### Your instructions:
Under this line are the records; repeat exactly the lines starting at the one containing "That's why Blue" and ending at the one containing "This 2004 Honda", omitting pictures.
******
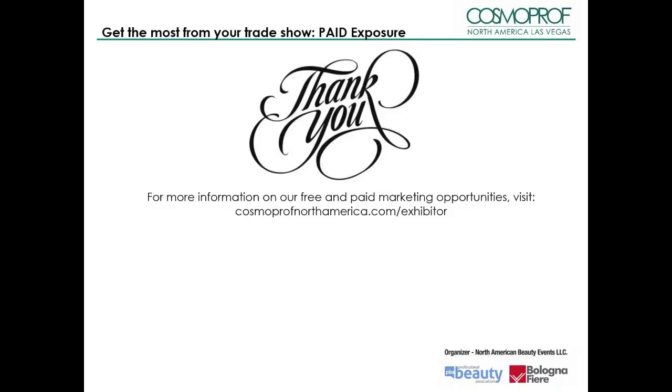Thank you for joining us. Don't forget to check out our other webcast to make the most of your participation at Cosmoprof North America 2016.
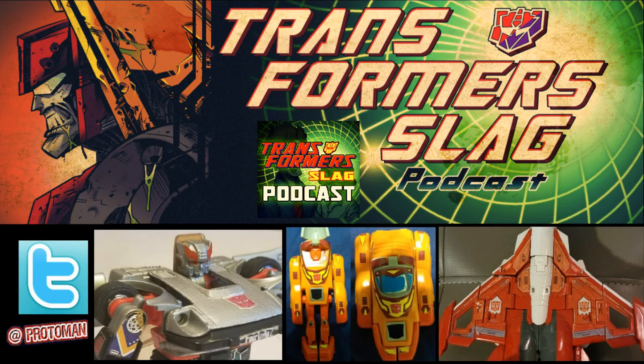Let's start the week with a Transformer Slag Podcast Patreon listener question. If you want to be part of the Transformer Slag Podcast Patreon and help support the podcast, let us know we're doing a half-decent job here in the transformer world, giving you updates, news, reviews, and educational knowledge. Check out patreon.com/Protoman or the pinned comment or description below.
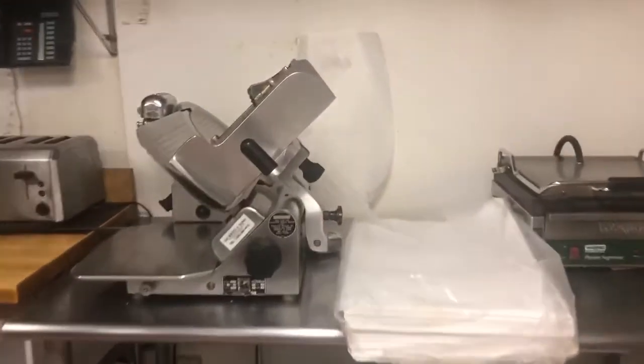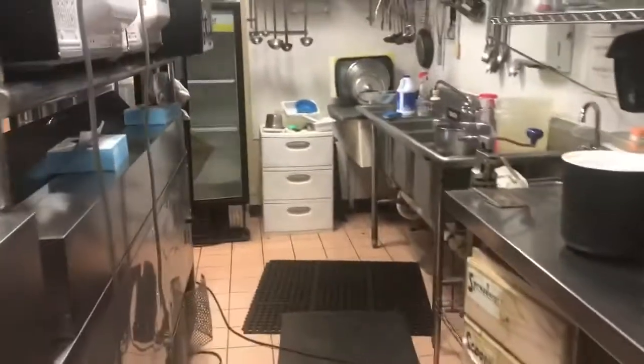There's a slicer — Globe — there's another slicer somewhere, there's three microwaves, beverage air four-door unit, lots of heavy tables, lots of warmers, rectangle food warmers.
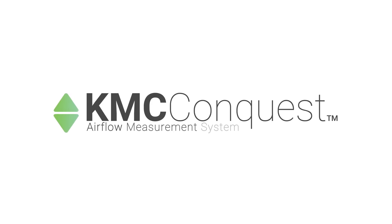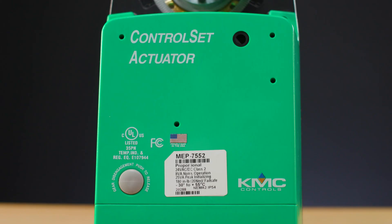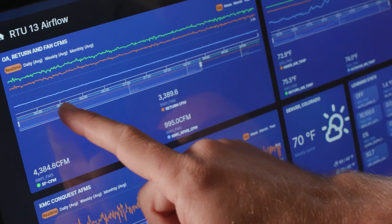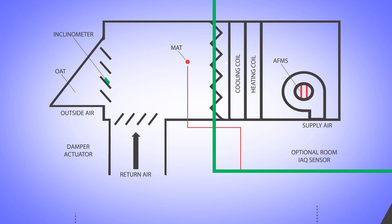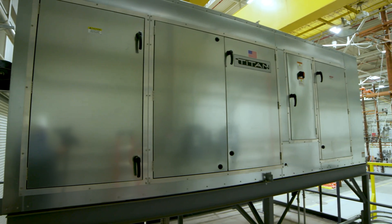The KMC Conquest Airflow Measurement System is the solution. It was developed to provide accurate and reliable supply, outside, and return air flow measurements that can be applied to nearly any equipment type, from small package rooftops to large built-up air handlers.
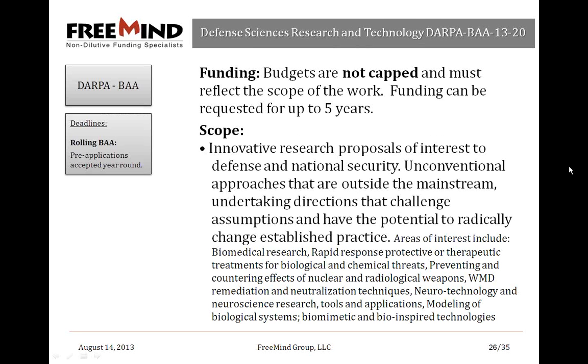DARPA — another favorite, but a bit of a mystery for most. The Defense Sciences Research and Technology Opportunity is a rolling BAA with non-capped funding up to five years. They're looking for innovative research proposals of interest to defense and national security — unconventional approaches outside the mainstream that challenge assumptions and have potential to radically change established practice. High risk, even extremely high risk with minute chances of success, is exactly what they're looking for — if the outcome is successful, it would have a huge reward. DARPA also funds exploratory applications, contrary to BARDA which is typically more advanced.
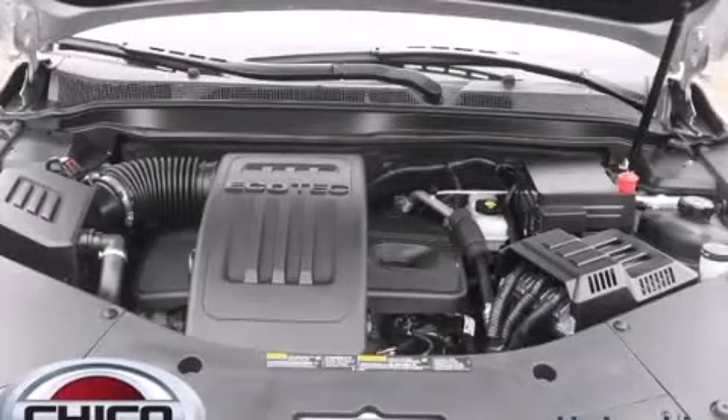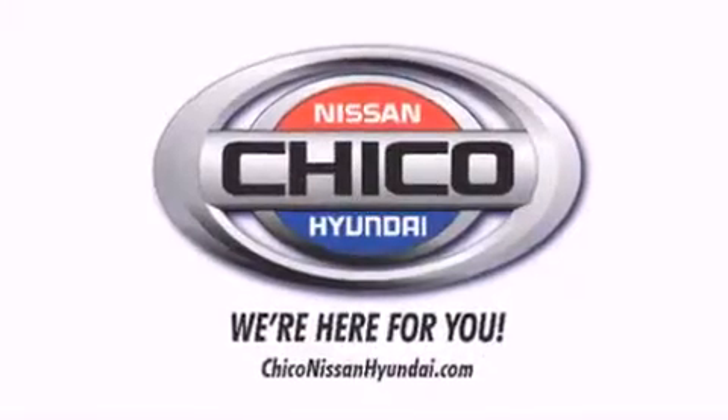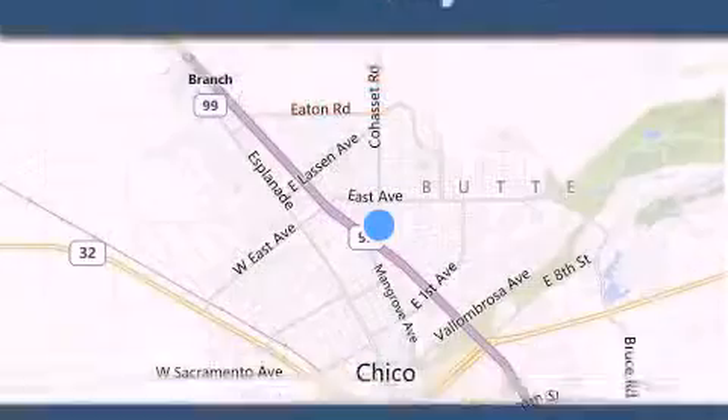Contact us today and schedule your opportunity to see this automobile in person. Thank you for considering Chico Nissan Hyundai for your next new or pre-owned vehicle.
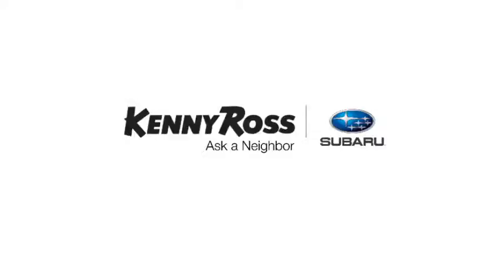That's the thing — if you promise something, you deliver what you promise. Kenny Ross Subaru, home of the 30-day price promise.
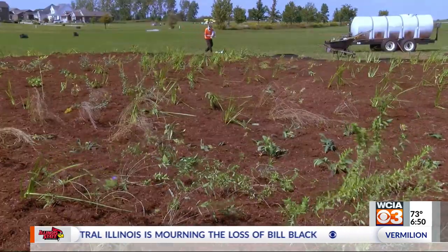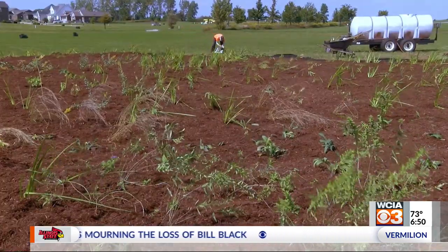Reporting in Champaign, Jared Thomas, WCIA 3, your local news leader. The native pollinator garden is 500,000 square feet with more than 900 plants planted. Head over to Clearview Farm to get a personal look.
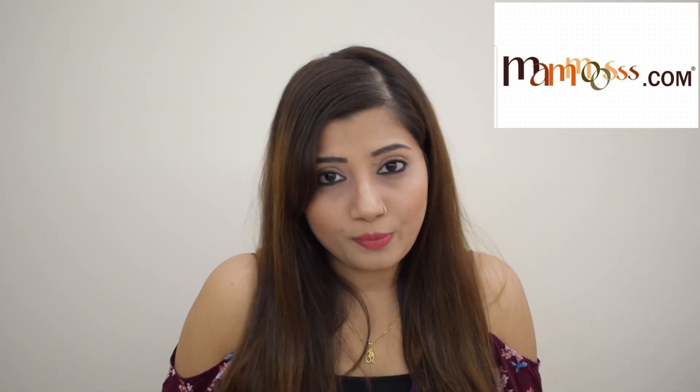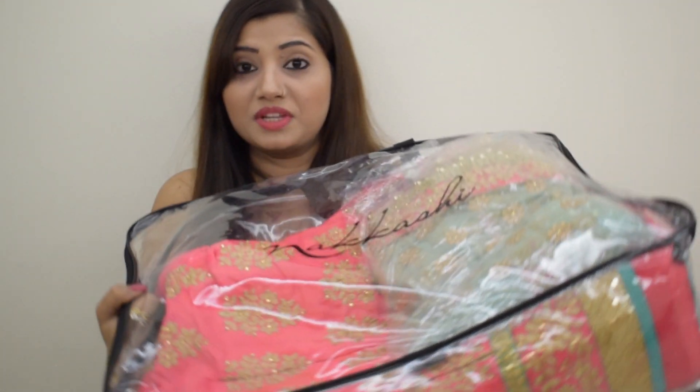This video is basically a very requested video from a few of my friends who stay in Dubai and want to buy ethnic dresses. Without further delay, let's see the lehenga! When I ordered the lehenga and received the parcel, it was such a huge parcel I could barely lift it. The color is pink and green.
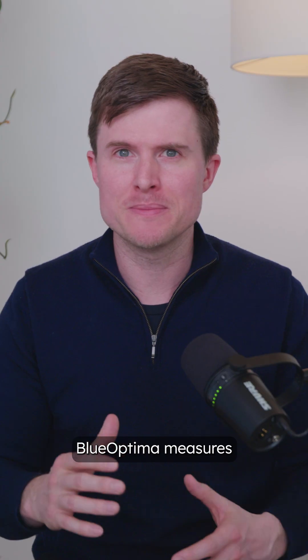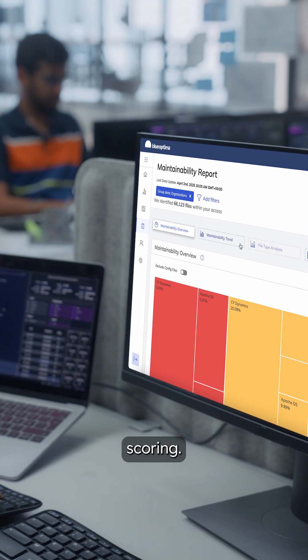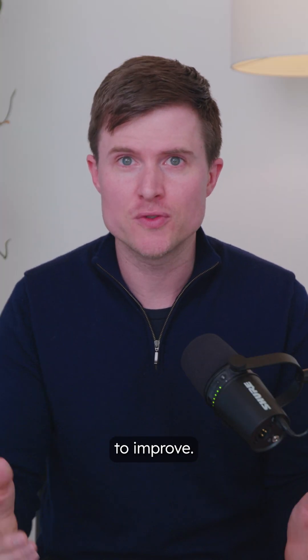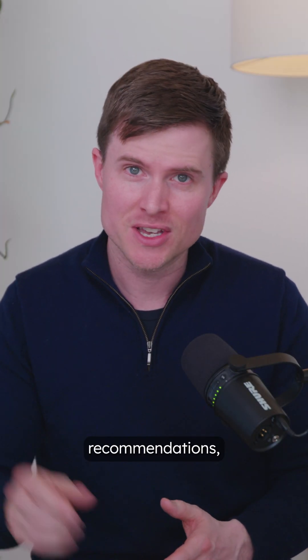That's why Blue Optima measures quality through robust maintainability scoring, delivering the most objective metrics on developer performance available. And if you're looking for some tips to improve, the report includes six actionable recommendations — so click the link below and get the report.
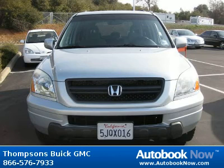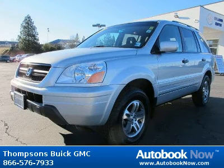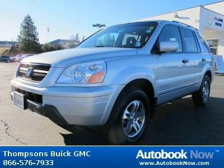This 2004 Honda Pilot is available at Thomson's Buick GMC in Placerville, California. This Pilot has a beautiful starlight silver metallic color and it has 93,000 miles on it.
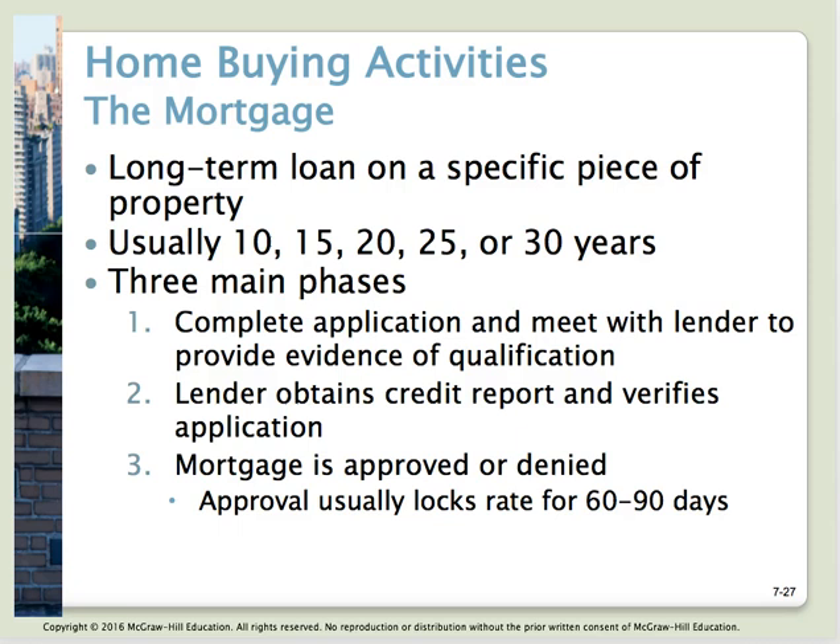A mortgage is a long-term loan on a specified piece of property, typically 15 or 30 years, though terms of 10, 20, or 25 years are also available. To qualify for a mortgage, you must meet the lender's criteria. The major factors affecting mortgage affordability are your income and how long you've been in your job, what other debts you have, how much you can put down, how long you want the loan for, and current mortgage rates — all of these impact your monthly payment.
******
### Answer for the task:
That's why Blue Optima measures quality through robust maintainability scoring, delivering the most objective metrics on developer performance available. And if you're looking for some tips to improve, the report includes six actionable recommendations — so click the link below and get the report.
This 2004 Honda Pilot is available at Thomson's Buick GMC in Placerville, California. This Pilot has a beautiful starlight silver metallic color and it has 93,000 miles on it.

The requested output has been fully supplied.